You can't unring a bell. You can't call back the arrow. What's done is done. Measure twice and cut once. Our language is full of phrases urging great though before we act, because once we've acted there is no turning back.
Scientists at the University of California Irvine have developed a way to unboil egg whites by “untangling” their proteins, a development that has the potential to significantly reduce costs for any biotechnology process that requires the folding of proteins.
“Yes, we have invented a way to unboil a hen egg,” UCI biochemistry professor Gregory Weiss said in a statement. “We start with egg whites boiled for 20 minutes at 90 degrees Celsius and return a key protein in the egg to working order.”
In a paper published Friday in the journal ChemBioChem, Weiss and his team of chemistry students describe a method capable of pulling apart tangled proteins and allowing them to refold.

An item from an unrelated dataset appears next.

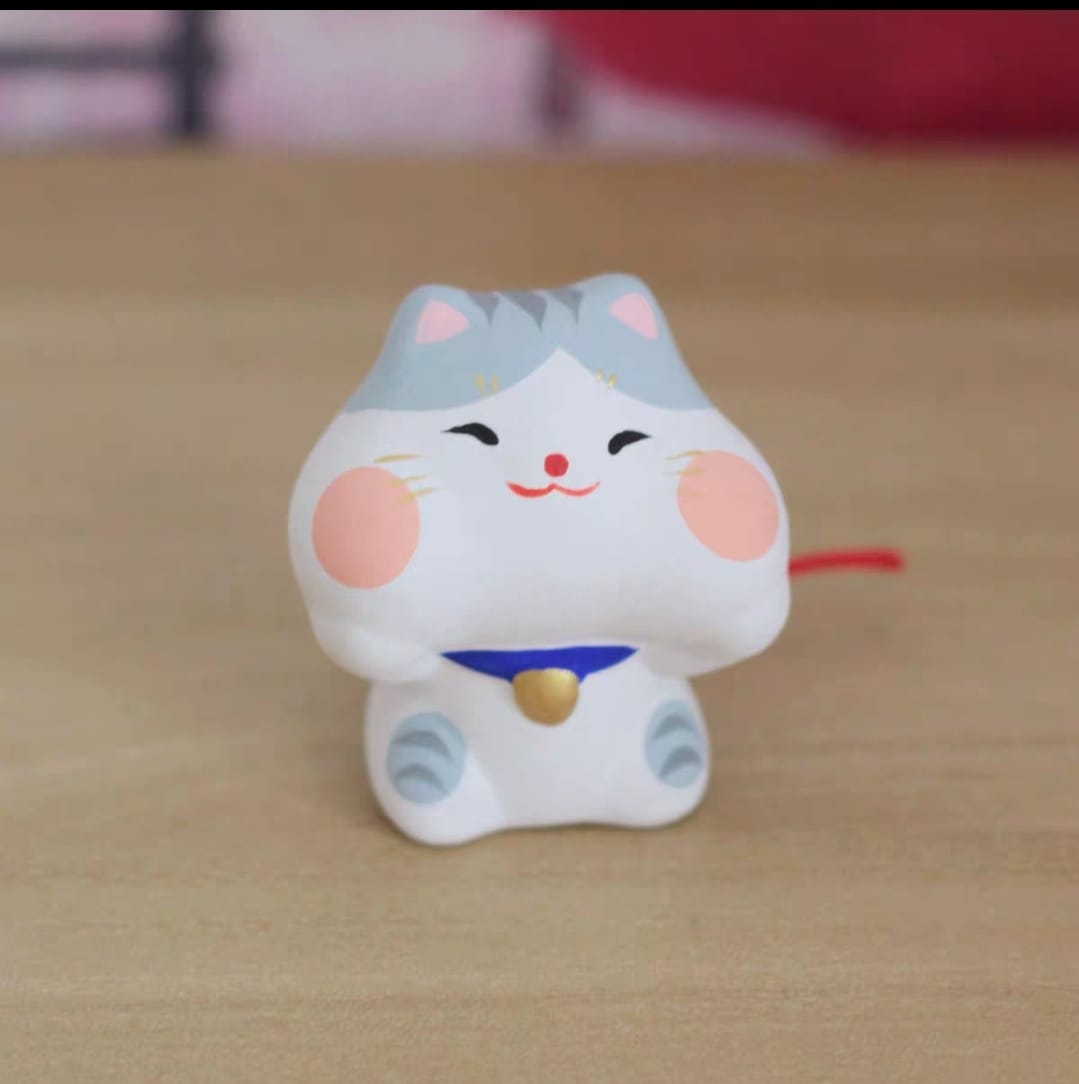 LHZ-883235-LHZ-923235 Long Hu Zuo Chubby Cheeks Omikuji Fortune Cat(S)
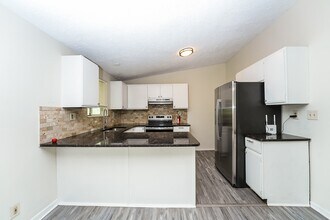 4275 Bradley Dr SW in Snellville, GA - Building Photo - Building Photo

The scientists stress that what they end up with is not a "gooey raw egg" that you would want to cook up and eat. But they do manage to "ufold" the egg and bring back a key component of the egg white. Think of the dog (and then the kid) in "Pet Sematary."
At first this sounds like something only a nerd would talk about to impress the other nerds. But I think it's kind of a big deal, not because of the eggs, but how the process might be used elsewhere.
We live in amazing times, Almost every day it seems, something is invented or discovered or developed that just a short time ago nobody would have thought possible. And the extraordinary has become so commonplace it is becoming harder and harder to be amazed and astonished by anything.